Teyla stops, turns, stares for a moment, then lowers her hood. Her pure smile is the first feature revealed to Elizabeth. “Dr. Weir.” She moves forward and they touch forehead to forehead.

The Faceless have their government, their armies, and a place where the soldiers meet hissing strategies and plans. They are men carved from stone: solid, broad and imposing. They crowd around stone tables in a stone room, sitting rod-straight in stone chairs as they pour over maps and lists of weapon inventory . They could crack the rock-floor with their heavy footfalls. Sheppard walks around them lighter than air, as though his bones really are hollow and the slightest breeze will carry him away. He eases into a chair, melting against it, spine curving and limbs unhinging.

Elizabeth stops beside him. “John?”

John's hood twitches when his head perks, lifting to meet her gaze. He's not fragile, never has been, but it feels as though he could be easily crushed among these moving boulders. Elizabeth becomes anxious to take him away from this place.

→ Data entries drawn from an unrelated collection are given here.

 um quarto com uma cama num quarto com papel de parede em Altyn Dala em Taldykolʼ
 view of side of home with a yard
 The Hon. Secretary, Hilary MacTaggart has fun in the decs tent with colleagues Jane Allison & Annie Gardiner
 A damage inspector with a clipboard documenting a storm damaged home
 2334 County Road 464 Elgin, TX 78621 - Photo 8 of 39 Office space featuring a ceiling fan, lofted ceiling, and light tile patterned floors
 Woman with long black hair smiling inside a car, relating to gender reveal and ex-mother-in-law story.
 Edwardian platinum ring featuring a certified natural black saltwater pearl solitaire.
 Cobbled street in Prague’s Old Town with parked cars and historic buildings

She puts her hand on his shoulder. “John? It's me.”

His head lifts a little higher as though looking up, then he shoves back his hood and blinks confused but sharp, hopeful hazel eyes. “Elizabeth?”

She places her other hand over her mouth to hide the fact that she is biting her lip to keep from crying. She nods.

Sheppard stands abruptly - a bird taking to the skies. “Are we going home, now?”

Elizabeth nods again and finds her voice. “Yes, we're going home.”

She leads the way from the building, through the streets and its flood of black and gold bodies to the gate. Her people gather so close she can feel their warmth, their individual presence. Lorne dials the gate and, when the event horizon pools, they step through it to home.